**AVAILABLE DATA**
==================================================

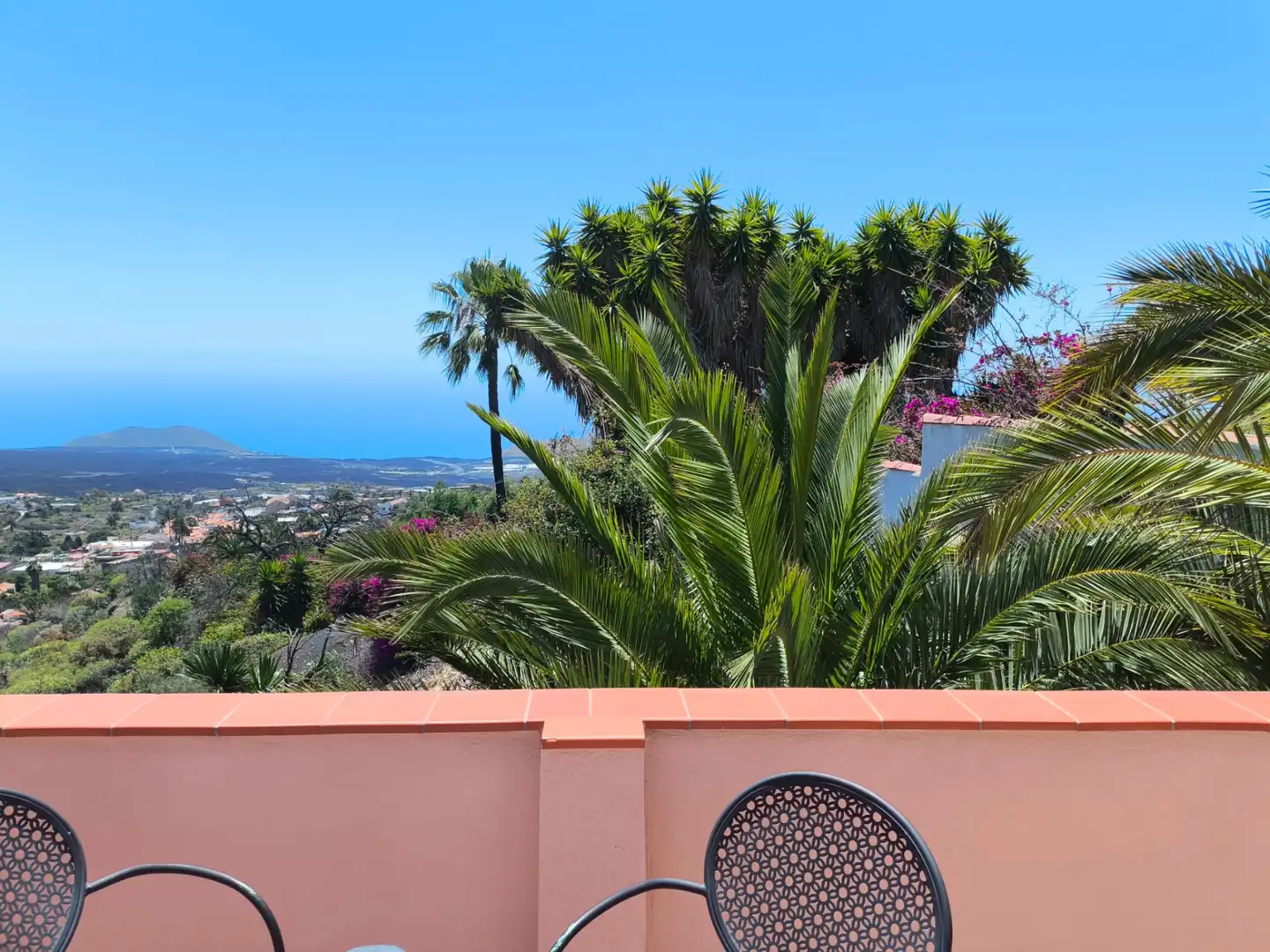 Vista exterior de Casa o xalet en venda en El Paso amb Aire condicionat, Calefacció i Jardí privat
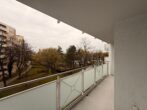 3-Zimmer-Wohnung mit Balkon und Parkblick in Haar-Jagdfeldring - Balkon mit Parkblick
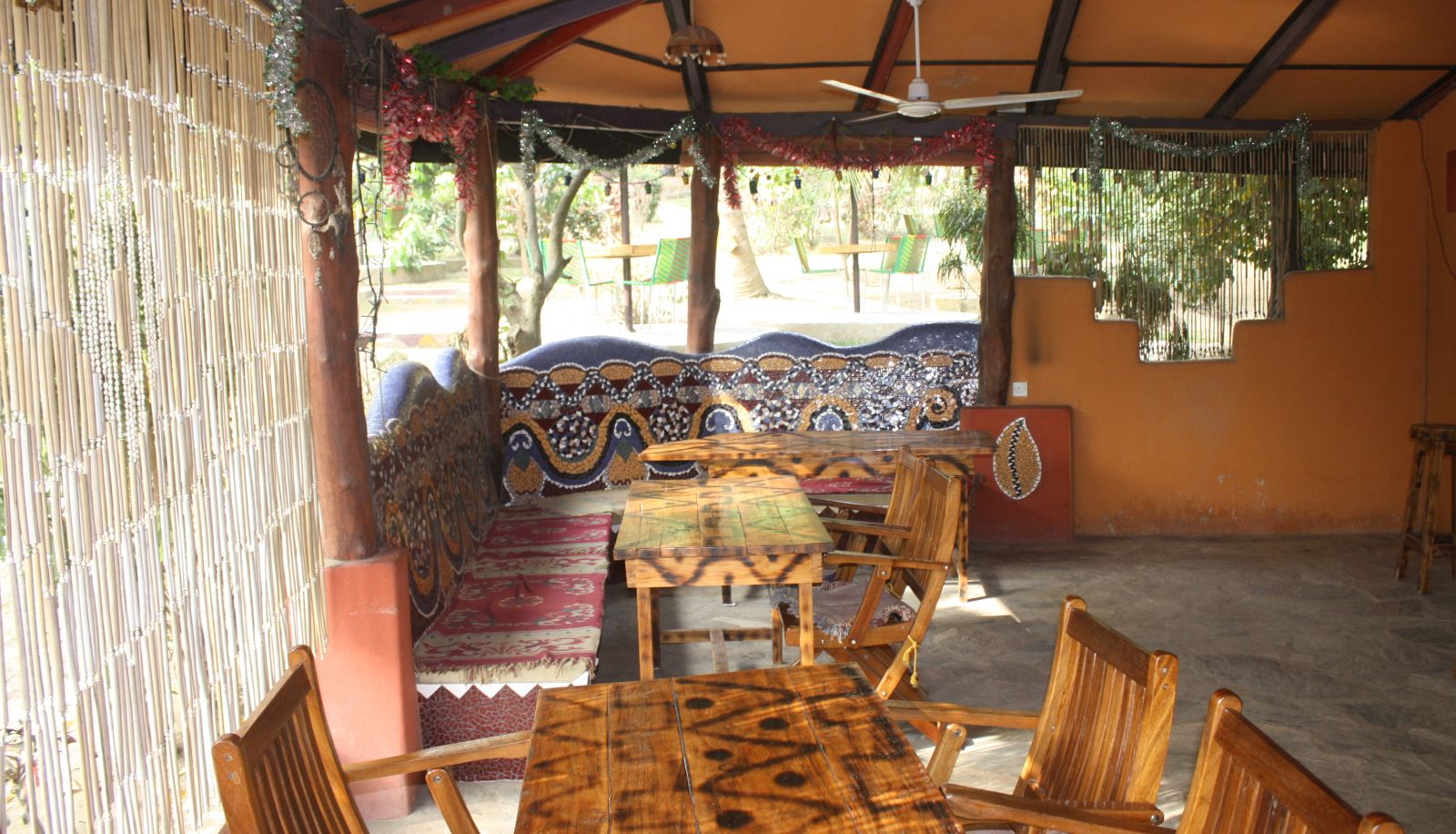 Restaurant - Lake Point Guest House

==================================================

**WHAT TO PRODUCE**
Repeat the material above in full and unchanged, minus its images.

**EXERCISE OUTPUT**
 Vista exterior de Casa o xalet en venda en El Paso amb Aire condicionat, Calefacció i Jardí privat
 3-Zimmer-Wohnung mit Balkon und Parkblick in Haar-Jagdfeldring - Balkon mit Parkblick
 Restaurant - Lake Point Guest House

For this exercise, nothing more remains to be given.